__TASK TO COMPLETE__. Write out the entries exactly, pictures excluded.

__MATERIAL SUPPLIED__.
=====
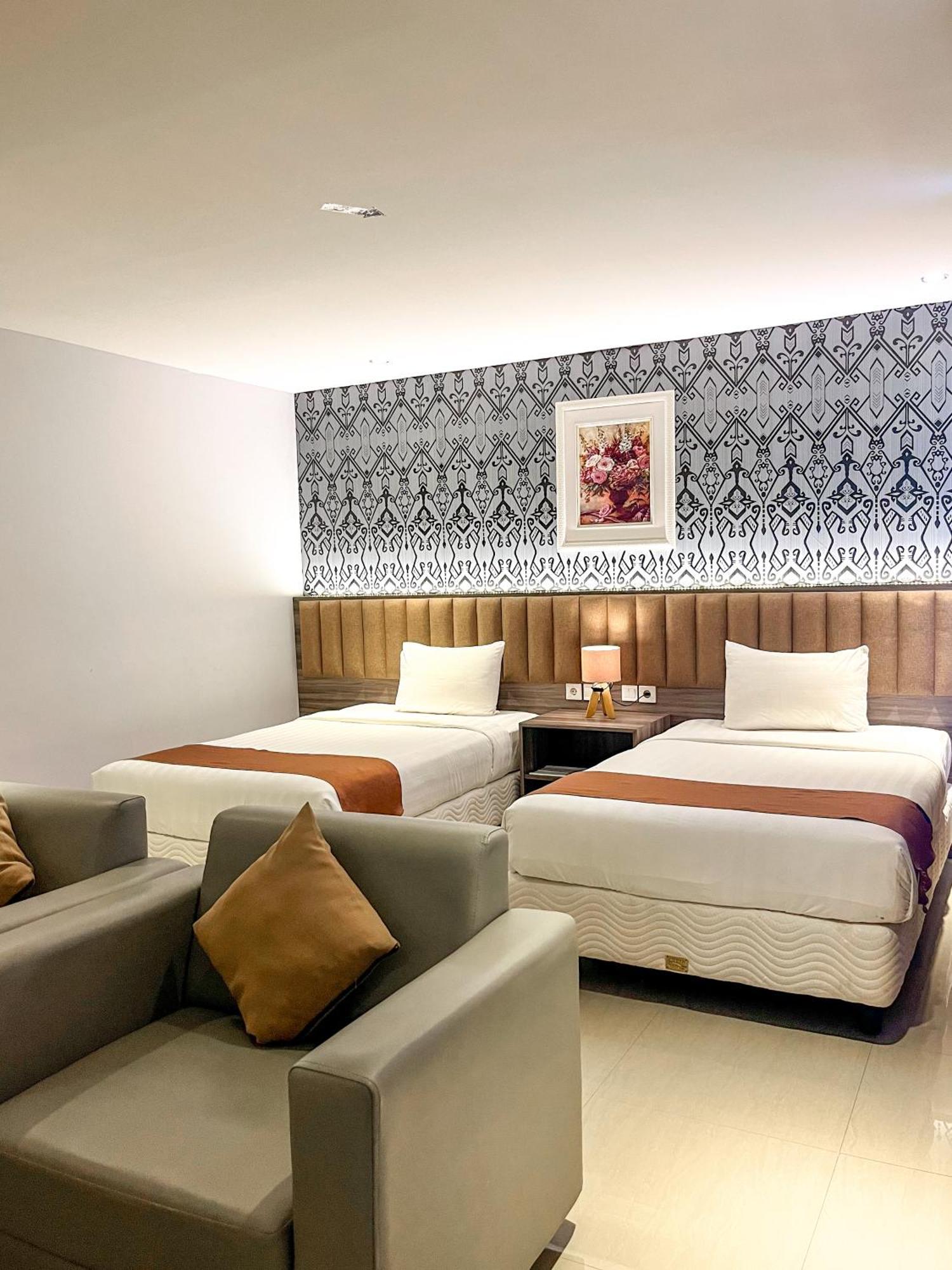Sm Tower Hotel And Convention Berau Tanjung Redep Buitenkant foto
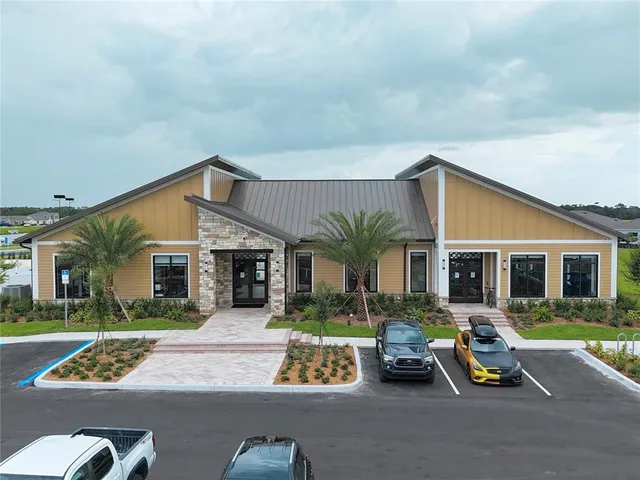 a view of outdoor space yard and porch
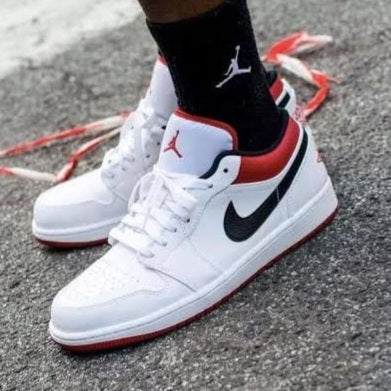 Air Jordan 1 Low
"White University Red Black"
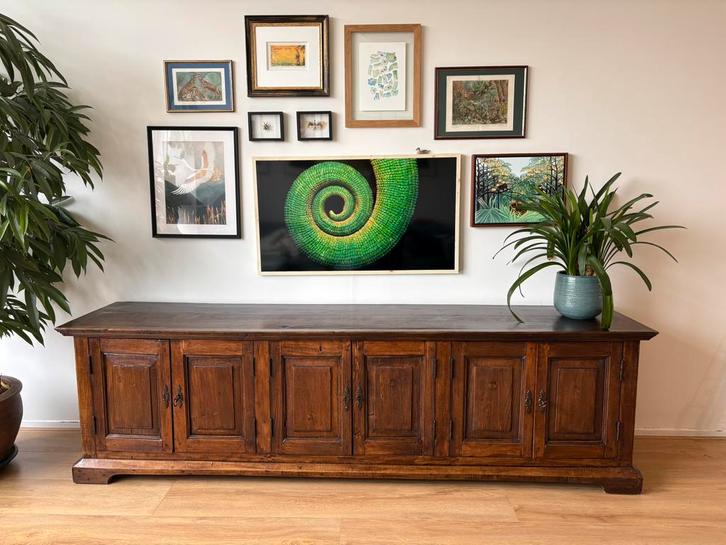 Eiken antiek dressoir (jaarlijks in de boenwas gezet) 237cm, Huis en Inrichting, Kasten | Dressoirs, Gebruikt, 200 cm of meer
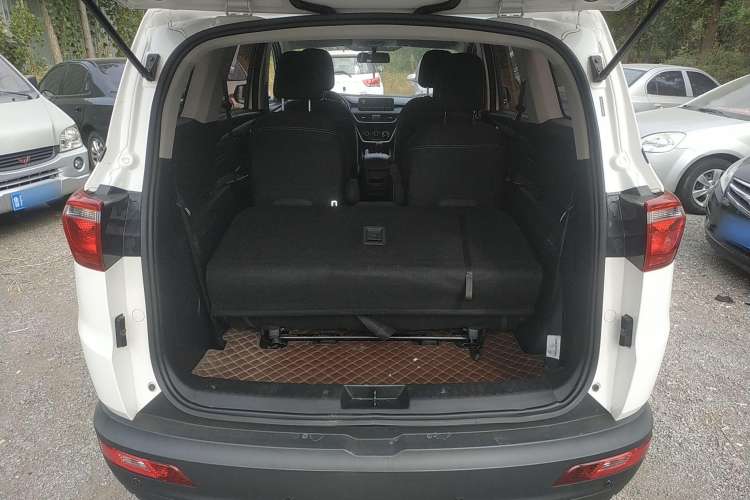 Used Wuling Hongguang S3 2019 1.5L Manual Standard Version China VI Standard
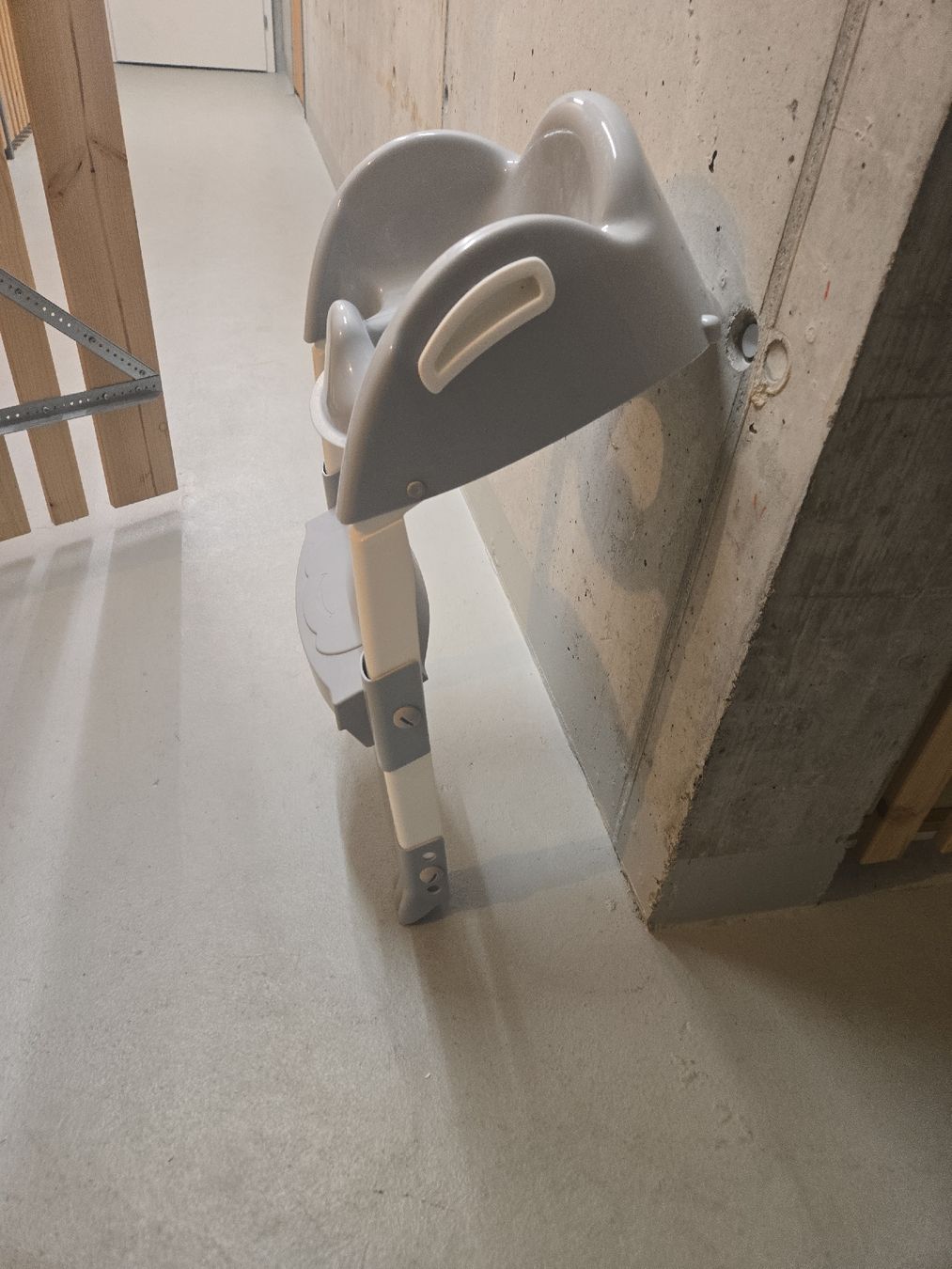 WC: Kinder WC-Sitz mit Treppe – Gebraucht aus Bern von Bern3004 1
=====
__RESULT OF THIS TASK__.
Sm Tower Hotel And Convention Berau Tanjung Redep Buitenkant foto
 a view of outdoor space yard and porch
 Air Jordan 1 Low
"White University Red Black"
 Eiken antiek dressoir (jaarlijks in de boenwas gezet) 237cm, Huis en Inrichting, Kasten | Dressoirs, Gebruikt, 200 cm of meer
 Used Wuling Hongguang S3 2019 1.5L Manual Standard Version China VI Standard
 WC: Kinder WC-Sitz mit Treppe – Gebraucht aus Bern von Bern3004 1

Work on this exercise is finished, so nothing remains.